**DATA SECTION**
* * *

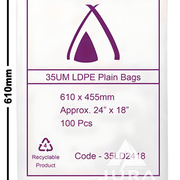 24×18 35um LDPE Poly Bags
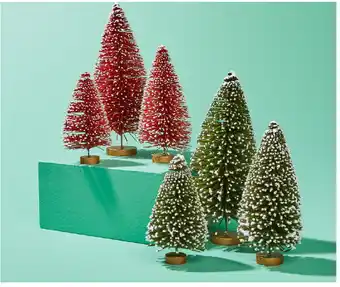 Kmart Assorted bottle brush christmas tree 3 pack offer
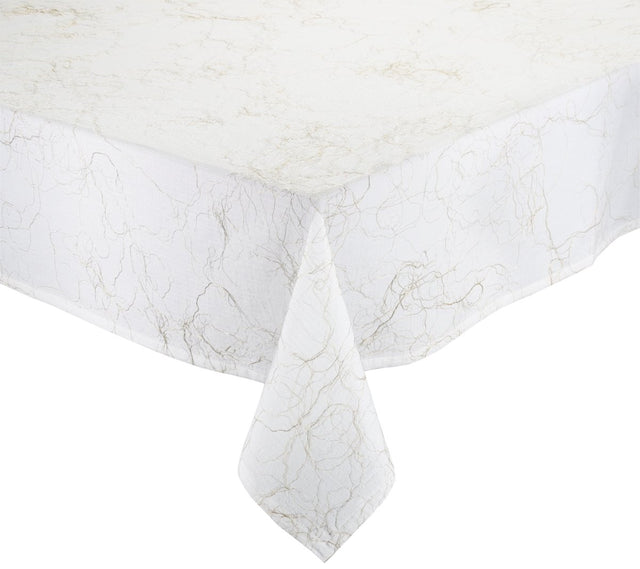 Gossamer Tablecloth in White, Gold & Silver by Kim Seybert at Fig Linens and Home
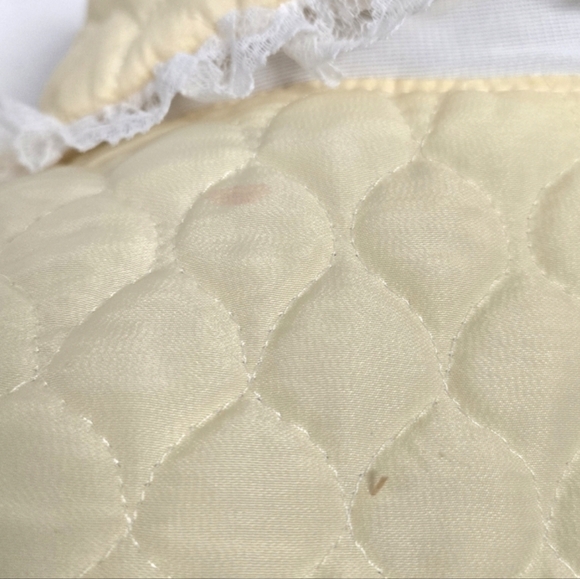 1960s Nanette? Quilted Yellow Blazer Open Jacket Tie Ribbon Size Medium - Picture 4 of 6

* * *

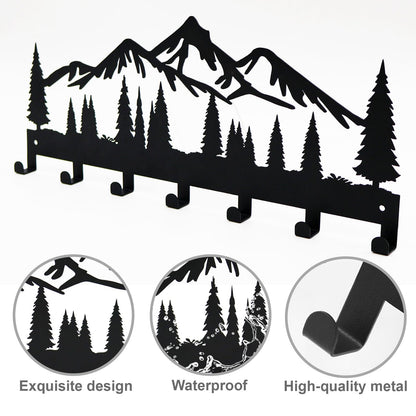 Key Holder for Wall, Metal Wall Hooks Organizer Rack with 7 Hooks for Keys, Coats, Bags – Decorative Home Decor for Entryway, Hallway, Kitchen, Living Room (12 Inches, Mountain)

* * *

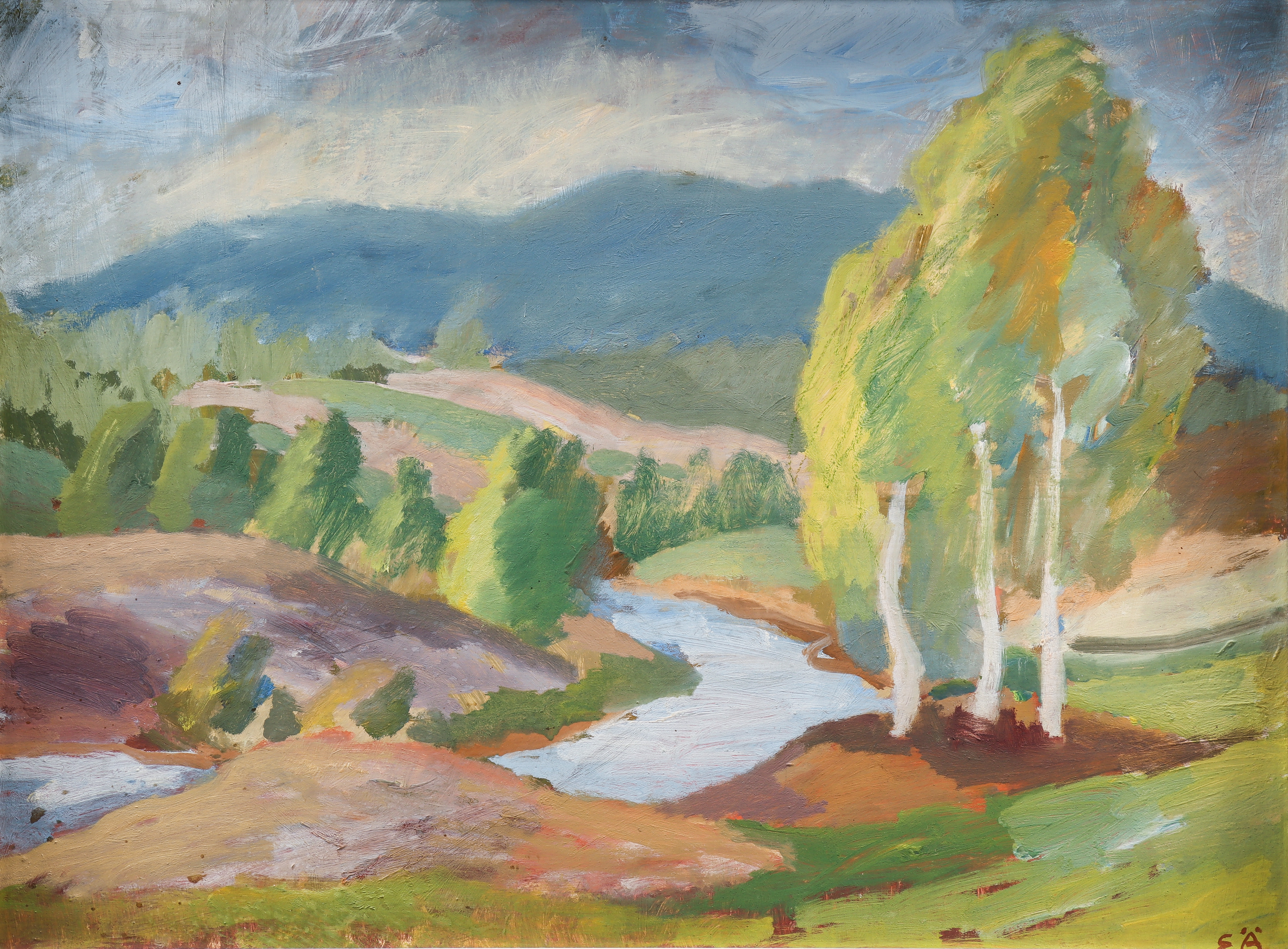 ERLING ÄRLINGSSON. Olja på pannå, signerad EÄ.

* * *

**REQUIRED ACTION**
Go down the entries above from the line containing "24×18 35um LDPE Poly Bags" to the line containing "1960s Nanette? Quilted" and write out each line exactly, leaving pictures out.

**RESPONSE AREA**
 24×18 35um LDPE Poly Bags
 Kmart Assorted bottle brush christmas tree 3 pack offer
 Gossamer Tablecloth in White, Gold & Silver by Kim Seybert at Fig Linens and Home
 1960s Nanette? Quilted Yellow Blazer Open Jacket Tie Ribbon Size Medium - Picture 4 of 6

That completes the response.